Data extract below:

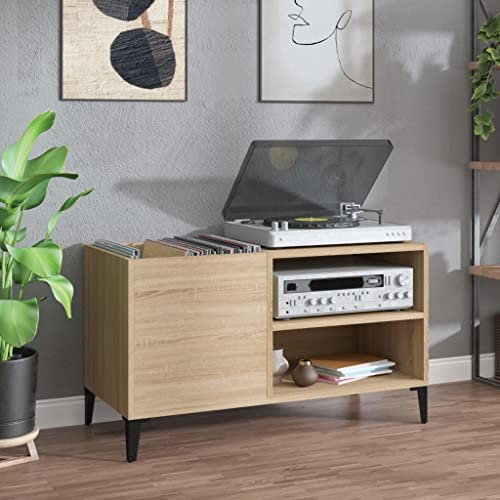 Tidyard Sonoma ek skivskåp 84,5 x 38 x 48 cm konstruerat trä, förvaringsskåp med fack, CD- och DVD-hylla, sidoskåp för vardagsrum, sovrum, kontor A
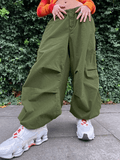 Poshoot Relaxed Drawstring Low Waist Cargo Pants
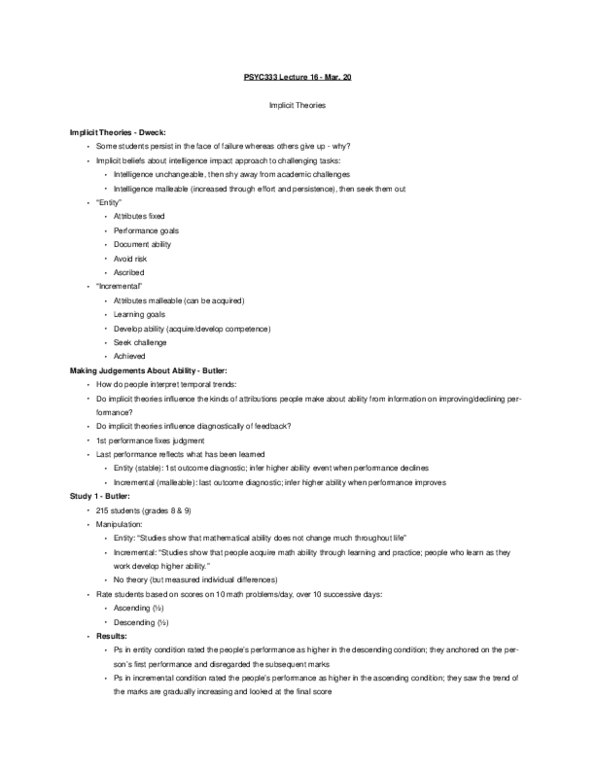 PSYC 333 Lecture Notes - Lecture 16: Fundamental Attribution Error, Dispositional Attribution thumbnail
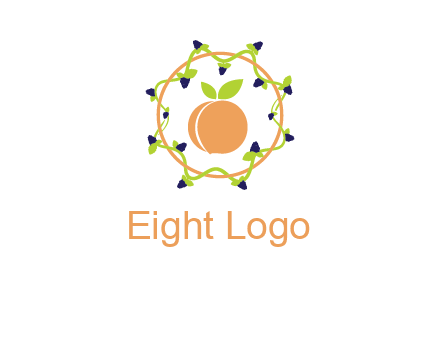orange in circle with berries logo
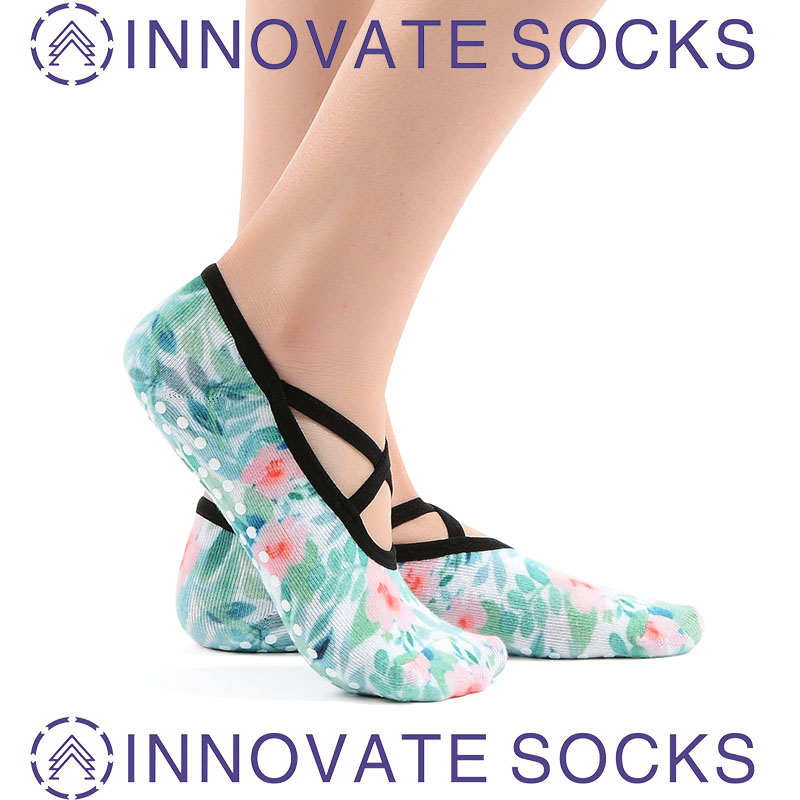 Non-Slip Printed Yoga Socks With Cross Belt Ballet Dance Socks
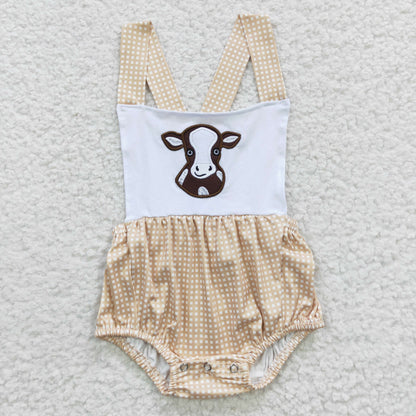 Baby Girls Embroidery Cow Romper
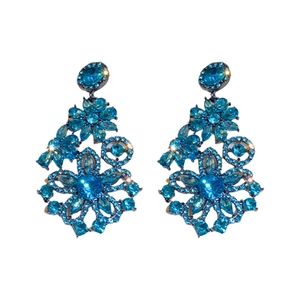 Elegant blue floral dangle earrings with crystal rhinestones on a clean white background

End of Data extract.
Data extract below:

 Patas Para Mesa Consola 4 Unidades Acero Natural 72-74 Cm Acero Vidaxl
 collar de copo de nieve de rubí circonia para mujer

End of Data extract.

What to do: All that belongs in the answer is the run of lines above from the line containing "Patas Para Mesa" through the line containing "collar de copo", exactly as written.

Output of the exercise:
 Patas Para Mesa Consola 4 Unidades Acero Natural 72-74 Cm Acero Vidaxl
 collar de copo de nieve de rubí circonia para mujer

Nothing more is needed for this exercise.